I think it's helpful for artists to contemplate the extremes of originality and artistic codes and arrive at some middle ground - perhaps a set of personal boundaries. As you can imagine, I'm swept over with new ideas each time we work with an artist at Creative Catalyst. After an artist visits our studio, I find it helpful to do a review of my work. I look at four areas of personal development.

Calla Lilly, A Powers' Flower, by Lynn Powers

 

Technique: Information about how to apply paint to a specific substrate.
Content: What I choose to paint (e.g. people, flowers, landscapes, non-objective designs, dreams).
Design: The arrangement of shapes, color scheme, use of line, and any anything else related to composition.
Personal Slant:  The viewpoint I bring to my art (e.g. optimistic, angry, ordered, political).

Zinnia, scratchboard , by Lynn Powers

 

If I find that I'm trending too far in multiple areas toward one of my artistic influences, I take another look at what I'm doing. I ask myself if I'm contributing enough of me to make the work mine. If the answer is no, I certainly would not enter my paintings into a show as an expression of me.
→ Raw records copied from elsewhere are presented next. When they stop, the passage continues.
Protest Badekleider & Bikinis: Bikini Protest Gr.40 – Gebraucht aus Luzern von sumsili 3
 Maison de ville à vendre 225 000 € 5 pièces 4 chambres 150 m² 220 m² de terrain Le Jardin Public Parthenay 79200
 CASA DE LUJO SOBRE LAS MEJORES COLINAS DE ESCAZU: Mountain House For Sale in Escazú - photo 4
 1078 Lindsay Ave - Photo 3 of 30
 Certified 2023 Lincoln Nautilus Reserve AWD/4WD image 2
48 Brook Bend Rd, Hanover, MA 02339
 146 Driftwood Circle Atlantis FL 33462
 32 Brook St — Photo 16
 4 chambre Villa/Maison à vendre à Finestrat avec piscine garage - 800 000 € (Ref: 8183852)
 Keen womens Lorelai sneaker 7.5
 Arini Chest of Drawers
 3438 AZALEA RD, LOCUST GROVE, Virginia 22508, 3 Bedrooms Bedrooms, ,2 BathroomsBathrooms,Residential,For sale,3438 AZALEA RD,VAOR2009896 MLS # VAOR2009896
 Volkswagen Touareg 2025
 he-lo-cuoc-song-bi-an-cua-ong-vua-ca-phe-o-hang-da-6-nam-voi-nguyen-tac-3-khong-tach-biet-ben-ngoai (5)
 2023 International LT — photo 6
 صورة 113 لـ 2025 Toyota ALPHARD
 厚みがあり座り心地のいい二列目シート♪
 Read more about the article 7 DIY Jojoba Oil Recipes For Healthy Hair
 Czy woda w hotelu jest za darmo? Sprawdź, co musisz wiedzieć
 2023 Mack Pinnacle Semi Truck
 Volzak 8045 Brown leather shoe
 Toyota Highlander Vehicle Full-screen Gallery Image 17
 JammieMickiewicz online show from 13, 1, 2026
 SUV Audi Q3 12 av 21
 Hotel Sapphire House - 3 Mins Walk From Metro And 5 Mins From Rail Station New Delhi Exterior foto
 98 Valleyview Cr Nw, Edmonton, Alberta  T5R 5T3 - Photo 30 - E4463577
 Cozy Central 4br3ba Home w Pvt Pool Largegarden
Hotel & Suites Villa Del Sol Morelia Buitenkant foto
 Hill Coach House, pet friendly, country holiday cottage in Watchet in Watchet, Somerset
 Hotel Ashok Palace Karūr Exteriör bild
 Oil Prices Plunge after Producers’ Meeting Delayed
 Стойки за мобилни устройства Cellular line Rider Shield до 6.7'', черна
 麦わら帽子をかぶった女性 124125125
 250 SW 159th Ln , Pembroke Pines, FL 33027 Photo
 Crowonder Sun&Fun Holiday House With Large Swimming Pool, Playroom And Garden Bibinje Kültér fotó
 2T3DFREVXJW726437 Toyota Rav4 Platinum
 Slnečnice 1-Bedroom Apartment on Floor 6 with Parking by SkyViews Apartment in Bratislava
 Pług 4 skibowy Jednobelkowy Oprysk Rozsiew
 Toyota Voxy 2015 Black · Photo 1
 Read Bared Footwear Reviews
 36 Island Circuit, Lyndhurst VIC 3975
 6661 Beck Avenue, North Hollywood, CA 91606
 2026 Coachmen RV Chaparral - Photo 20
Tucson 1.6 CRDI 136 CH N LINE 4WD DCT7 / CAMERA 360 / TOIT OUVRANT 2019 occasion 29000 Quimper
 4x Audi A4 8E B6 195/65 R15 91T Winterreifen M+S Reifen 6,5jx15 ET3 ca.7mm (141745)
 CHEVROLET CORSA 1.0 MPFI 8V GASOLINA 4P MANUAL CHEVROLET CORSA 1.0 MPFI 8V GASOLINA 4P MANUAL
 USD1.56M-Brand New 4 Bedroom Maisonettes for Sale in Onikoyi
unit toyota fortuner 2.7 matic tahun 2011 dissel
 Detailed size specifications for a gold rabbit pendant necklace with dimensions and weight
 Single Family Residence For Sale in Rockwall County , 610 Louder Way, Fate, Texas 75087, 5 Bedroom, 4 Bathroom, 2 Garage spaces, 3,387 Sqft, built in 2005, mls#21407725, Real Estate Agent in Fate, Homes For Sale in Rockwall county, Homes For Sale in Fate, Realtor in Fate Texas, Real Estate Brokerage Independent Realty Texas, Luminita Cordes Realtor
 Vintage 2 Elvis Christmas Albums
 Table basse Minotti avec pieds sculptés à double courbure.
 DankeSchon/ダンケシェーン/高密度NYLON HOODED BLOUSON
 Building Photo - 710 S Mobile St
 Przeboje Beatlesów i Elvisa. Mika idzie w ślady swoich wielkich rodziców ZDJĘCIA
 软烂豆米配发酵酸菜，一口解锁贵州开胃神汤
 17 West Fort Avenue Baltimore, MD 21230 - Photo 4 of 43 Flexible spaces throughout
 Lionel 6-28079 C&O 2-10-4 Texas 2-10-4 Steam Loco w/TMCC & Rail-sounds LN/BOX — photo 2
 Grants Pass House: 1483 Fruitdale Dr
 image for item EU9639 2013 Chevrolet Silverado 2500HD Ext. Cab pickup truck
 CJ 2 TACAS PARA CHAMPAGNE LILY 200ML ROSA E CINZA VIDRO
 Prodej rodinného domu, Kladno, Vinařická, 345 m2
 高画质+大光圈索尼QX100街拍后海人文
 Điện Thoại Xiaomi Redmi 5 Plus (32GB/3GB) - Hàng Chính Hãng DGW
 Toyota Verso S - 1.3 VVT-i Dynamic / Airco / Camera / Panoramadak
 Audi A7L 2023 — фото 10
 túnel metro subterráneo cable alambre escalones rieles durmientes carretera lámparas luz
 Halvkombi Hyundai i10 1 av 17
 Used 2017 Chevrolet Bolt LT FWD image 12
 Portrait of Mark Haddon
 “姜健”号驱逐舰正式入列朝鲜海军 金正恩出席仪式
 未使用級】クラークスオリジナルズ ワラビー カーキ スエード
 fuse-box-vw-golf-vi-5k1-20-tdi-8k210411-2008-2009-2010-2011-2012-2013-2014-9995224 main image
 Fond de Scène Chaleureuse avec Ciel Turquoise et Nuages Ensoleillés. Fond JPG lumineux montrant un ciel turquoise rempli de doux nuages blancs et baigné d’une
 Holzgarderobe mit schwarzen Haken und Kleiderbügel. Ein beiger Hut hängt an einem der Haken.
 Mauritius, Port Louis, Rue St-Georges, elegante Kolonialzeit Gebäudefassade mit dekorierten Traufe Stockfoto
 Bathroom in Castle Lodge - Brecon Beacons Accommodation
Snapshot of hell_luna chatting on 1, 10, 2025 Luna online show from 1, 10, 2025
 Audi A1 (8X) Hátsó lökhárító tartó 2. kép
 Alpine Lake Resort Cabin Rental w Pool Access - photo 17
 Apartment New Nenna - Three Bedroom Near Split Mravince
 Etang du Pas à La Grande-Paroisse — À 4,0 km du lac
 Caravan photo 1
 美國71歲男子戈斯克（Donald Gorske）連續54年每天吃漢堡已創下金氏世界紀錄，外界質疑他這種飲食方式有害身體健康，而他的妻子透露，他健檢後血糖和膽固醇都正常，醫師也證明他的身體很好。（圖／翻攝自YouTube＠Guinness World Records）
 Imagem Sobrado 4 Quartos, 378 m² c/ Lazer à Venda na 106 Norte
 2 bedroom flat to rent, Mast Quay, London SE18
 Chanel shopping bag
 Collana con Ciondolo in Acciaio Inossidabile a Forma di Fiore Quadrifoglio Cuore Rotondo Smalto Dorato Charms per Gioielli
Fortunately we are all free to arrive at our own conclusions. But falling into thoughtless reproduction of any teacher or influence's style means losing one of the best reasons to paint: creating a visual expression of how each of us experiences our world. We all experience the world in an original way, and hopefully we can each draw on our experience to provide the level of originality we feel is necessary in our work.

Cheers,

Lynn Powers

www.lynnpowersart.com

Prints Available

 

 

 

 

A force of Nature, by Lynn Powers


6 Responses

B. Hildebrand
B. Hildebrand

May 02, 2017

I am a realist painter and at every workshop that I
take the instructor usually tries to make me into a
loose painter. Lynn’s article is very timely even
though it was written in 2015. Be true to yourself!

Pam Malone
Pam Malone

May 26, 2015

Well said, Lynn! I always enjoy your comments. They are never to harsh but raise the awareness. Thank you.

Pam Malone
Pam Malone

May 26, 2015

Well said, Lynn! I always enjoy your comments. They are never to harsh but raise the awareness. Thank you.

Harold Walkup
Harold Walkup

May 26, 2015

During a small show of mine years ago I overheard someone say "He paints a lot like….(my current instructor). I never took a class from him again. Didn’t want to be compared that easily.

Gail Johnson
Gail Johnson

May 26, 2015

I saw a dramatic example of this 15 years ago when a watercolor society had a very influential member who taught a few, very popular, special sessions of the class he taught at a local college. This was a full 16 weeks of painting in his style and required a lot of work, meaning that most participants had no time for their work in their own style. At the next group show the decline in variety and creativity was obvious and I could easily spot the paintings of his students. I noticed recently that his style has changed radically since then. I can’t help wondering if he was pushed into change by seeing too many other paintings like his. The best teachers help students paint the style and subject that suits the student.

Brenda Brannon
Brenda Brannon

May 26, 2015

When an artist is “young” to a particular style or medium, the best they can do is imitate what they are taught. A more mature artist can take the principles of what they have learned and apply it to their own style. I have seen actual copies, usually works created in a class or workshop, displayed in local “art society” shows. While the artist may have done a great job at copying the original, it is still just that, a copy. Likewise, when we “imitate” too closely an artist’s signature style, it also becomes questionable, in my opinion.